Rec 15.15 Do not reuse variables declared inside a for-loop.
The scope of a variable declared inside a for-statement has been changed by the C++ standard. Previously such a variable belonged to the enclosing scope, but now it belongs to the block following the for -statement. This means that a variable declared in a for -loop can no longer be reused in the enclosing scope. If you want to reuse a loop variable you need to move the declaration outside the for loop.
int i = 0; for(; i < last(); i++) { // ... } for(; i >= first(); i--) { // ... }
Some parts of C++ have never been clearly specified. This is particularly true for templates. Such parts of C++ should be handled with care, since compilers often handle them differently. The best thing to do is to have a design that is as good as possible and code that can be compiled for the platforms chosen. Another solution is to only use compilers that implement templates the same way, or only use one compiler. If that is not possible, you must either restrict yourself to those part of the language that are implemented by all compilers, or try to make your code easy to modify for new platforms.
Rec 15.16 Only inclusion of the header file should be needed when using a template.
Rec 15.17 Do not rely on partial instantiation of templates.
Rec 15.18 Do not rely on the lifetime of temporaries.
Rec 15.19 Do not use pragma s.
Rule 15.20 Always return a value from main() .
Rec 15.21 Do not depend on the order of evaluation of arguments to a function.
Rec 2.5 , how to organize templates.
Rec 7.3 - Rec 7.5 , argument passing.
Rec 15.16 Only inclusion of the header file should be needed when using a template.
How should you organize your templates?
A template has an interface and an implementation just as any class or function. A template is similar to an inline-function. The compiler must be see both the interface and the implementation when code is generated.
A template is automatically instantiated for all template arguments that the program uses. It is also possible to request it to be instantiated for a particular set of arguments. The reason to why you would want such explicit instantiations is to reduce the compile time for your program.
// emcMax is function template template<class T> const T& emcMax(const T& a, const T& b) { return (a > b) ? a : b; } void foo(int i, int j) { int m = emcMax(i, j); // usage of emcMax } EmcQueue<int> q; // usage of class EmcQueue<int> and // EmcQueue<int>:s default constructor q.insert(42); // usage of EmcQueue<int>::insert template class EmcQueue<char>; // Explicit instantiation
There is no standard for how template source code is organized and how much of a template to instantiate for a particular set of arguments.
A function template is used when it is called, or its address is taken.
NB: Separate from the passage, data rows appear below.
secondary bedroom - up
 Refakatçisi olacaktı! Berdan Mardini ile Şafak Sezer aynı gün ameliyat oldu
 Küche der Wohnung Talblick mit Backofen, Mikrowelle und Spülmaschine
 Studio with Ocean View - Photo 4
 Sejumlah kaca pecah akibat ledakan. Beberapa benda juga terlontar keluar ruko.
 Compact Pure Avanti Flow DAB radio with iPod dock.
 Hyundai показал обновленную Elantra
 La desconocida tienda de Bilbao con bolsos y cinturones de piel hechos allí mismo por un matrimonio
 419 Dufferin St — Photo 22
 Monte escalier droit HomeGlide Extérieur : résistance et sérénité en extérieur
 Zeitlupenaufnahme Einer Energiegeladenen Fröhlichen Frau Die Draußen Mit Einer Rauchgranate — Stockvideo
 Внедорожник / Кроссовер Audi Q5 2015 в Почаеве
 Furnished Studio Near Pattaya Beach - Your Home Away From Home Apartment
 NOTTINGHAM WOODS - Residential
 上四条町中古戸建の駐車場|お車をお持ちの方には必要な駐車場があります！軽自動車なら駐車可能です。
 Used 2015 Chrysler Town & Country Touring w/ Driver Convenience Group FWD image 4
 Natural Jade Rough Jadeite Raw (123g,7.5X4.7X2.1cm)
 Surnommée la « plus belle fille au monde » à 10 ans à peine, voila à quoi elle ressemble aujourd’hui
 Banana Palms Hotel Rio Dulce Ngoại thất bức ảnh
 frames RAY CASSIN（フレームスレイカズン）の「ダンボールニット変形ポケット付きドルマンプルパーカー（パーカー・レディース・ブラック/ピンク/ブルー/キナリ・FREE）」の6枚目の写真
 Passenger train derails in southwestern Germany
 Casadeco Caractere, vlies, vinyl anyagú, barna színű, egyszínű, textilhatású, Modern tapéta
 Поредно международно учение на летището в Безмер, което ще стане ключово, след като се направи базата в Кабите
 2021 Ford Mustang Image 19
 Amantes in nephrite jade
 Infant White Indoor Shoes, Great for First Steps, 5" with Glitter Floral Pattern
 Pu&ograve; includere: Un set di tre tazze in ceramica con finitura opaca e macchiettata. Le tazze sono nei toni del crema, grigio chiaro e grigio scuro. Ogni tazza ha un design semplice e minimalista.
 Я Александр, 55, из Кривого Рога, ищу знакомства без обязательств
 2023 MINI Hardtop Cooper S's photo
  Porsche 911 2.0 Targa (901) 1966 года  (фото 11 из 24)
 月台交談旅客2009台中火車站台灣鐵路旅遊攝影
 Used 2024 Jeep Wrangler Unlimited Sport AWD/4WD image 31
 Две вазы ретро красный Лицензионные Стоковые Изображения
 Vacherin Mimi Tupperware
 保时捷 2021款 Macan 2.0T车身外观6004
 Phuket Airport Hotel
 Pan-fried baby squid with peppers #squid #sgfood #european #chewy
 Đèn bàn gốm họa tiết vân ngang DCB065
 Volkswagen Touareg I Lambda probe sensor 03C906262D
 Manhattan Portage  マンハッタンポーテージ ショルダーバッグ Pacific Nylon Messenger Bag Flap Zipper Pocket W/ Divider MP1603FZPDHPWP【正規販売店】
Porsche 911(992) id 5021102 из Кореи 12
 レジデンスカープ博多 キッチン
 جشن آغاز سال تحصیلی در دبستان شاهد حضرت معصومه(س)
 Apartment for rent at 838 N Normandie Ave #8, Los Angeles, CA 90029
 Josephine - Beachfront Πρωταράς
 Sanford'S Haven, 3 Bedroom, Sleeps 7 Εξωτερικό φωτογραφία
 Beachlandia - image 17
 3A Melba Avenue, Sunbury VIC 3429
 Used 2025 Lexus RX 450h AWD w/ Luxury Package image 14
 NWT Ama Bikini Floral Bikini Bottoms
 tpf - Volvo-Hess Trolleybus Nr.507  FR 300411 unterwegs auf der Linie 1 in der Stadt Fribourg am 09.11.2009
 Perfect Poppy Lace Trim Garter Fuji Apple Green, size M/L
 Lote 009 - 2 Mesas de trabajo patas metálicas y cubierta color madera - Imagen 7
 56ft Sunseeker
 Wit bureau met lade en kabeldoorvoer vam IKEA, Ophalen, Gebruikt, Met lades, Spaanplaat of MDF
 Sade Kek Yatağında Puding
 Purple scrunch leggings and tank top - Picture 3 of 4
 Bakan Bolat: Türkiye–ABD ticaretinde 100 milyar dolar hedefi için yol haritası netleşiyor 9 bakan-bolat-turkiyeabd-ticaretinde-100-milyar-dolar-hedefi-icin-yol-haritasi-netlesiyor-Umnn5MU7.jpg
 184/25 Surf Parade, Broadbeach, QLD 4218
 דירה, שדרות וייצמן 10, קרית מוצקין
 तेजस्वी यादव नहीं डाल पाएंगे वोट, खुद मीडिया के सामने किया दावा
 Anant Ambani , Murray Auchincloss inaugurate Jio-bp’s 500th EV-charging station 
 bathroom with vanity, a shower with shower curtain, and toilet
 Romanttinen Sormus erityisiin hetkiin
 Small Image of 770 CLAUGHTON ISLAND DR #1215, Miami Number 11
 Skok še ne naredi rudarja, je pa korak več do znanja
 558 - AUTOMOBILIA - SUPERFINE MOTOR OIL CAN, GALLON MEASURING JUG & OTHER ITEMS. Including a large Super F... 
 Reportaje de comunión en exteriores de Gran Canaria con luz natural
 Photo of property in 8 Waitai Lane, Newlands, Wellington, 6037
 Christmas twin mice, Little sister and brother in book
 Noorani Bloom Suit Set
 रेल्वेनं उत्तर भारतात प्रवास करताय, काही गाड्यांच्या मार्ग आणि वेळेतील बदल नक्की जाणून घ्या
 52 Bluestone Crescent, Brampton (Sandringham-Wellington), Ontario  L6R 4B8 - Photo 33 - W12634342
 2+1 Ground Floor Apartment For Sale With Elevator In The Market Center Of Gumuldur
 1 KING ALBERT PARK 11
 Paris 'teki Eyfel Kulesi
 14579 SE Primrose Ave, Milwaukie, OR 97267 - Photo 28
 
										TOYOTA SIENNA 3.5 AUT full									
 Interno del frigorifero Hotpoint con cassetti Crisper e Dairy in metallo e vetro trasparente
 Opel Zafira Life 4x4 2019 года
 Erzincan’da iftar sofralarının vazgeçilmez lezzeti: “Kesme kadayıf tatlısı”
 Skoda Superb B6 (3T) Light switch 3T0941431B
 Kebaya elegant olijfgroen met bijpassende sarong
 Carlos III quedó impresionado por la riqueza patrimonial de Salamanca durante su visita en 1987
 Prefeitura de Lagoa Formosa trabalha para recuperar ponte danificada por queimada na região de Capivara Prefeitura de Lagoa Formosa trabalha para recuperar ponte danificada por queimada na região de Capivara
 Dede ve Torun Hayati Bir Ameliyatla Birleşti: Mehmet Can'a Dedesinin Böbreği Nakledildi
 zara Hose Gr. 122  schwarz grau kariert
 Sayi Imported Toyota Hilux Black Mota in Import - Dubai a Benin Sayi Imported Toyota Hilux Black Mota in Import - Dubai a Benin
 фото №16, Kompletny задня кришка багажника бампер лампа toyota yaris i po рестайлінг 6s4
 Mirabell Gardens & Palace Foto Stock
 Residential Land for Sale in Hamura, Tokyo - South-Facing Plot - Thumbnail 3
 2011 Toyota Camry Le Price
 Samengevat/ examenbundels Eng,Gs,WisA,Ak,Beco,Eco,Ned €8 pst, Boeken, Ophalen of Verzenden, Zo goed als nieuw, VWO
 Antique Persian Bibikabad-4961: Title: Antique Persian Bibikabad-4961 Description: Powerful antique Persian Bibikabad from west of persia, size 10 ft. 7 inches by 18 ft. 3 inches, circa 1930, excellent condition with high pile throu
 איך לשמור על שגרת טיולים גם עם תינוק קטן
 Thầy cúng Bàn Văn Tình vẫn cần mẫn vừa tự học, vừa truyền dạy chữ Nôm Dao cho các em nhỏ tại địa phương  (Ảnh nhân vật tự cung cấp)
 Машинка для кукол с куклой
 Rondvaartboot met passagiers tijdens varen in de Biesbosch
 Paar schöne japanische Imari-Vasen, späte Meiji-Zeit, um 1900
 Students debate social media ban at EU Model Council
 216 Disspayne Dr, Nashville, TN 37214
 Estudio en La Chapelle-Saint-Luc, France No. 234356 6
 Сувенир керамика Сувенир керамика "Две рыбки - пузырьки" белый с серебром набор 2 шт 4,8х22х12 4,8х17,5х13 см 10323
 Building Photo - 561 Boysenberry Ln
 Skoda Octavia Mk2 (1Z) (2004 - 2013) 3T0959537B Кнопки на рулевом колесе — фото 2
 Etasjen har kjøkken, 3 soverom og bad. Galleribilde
A class template is used when instances of the class template are used to declare objects.
Some compilers require that the implementation either be part of the header file or be included by the header file.
Other compilers use file-name conventions to determine where to find the implementation. The implementation should be in a file with the same name as the header file, but with the implementation file extension substituted for the header file extension.
This is a potential portability problem when writing code using templates. We recommend to always put the implementation in a separate file, a template definition file. By using conditional compilation to control if this file is included or not, the same source code can be used with different compilers .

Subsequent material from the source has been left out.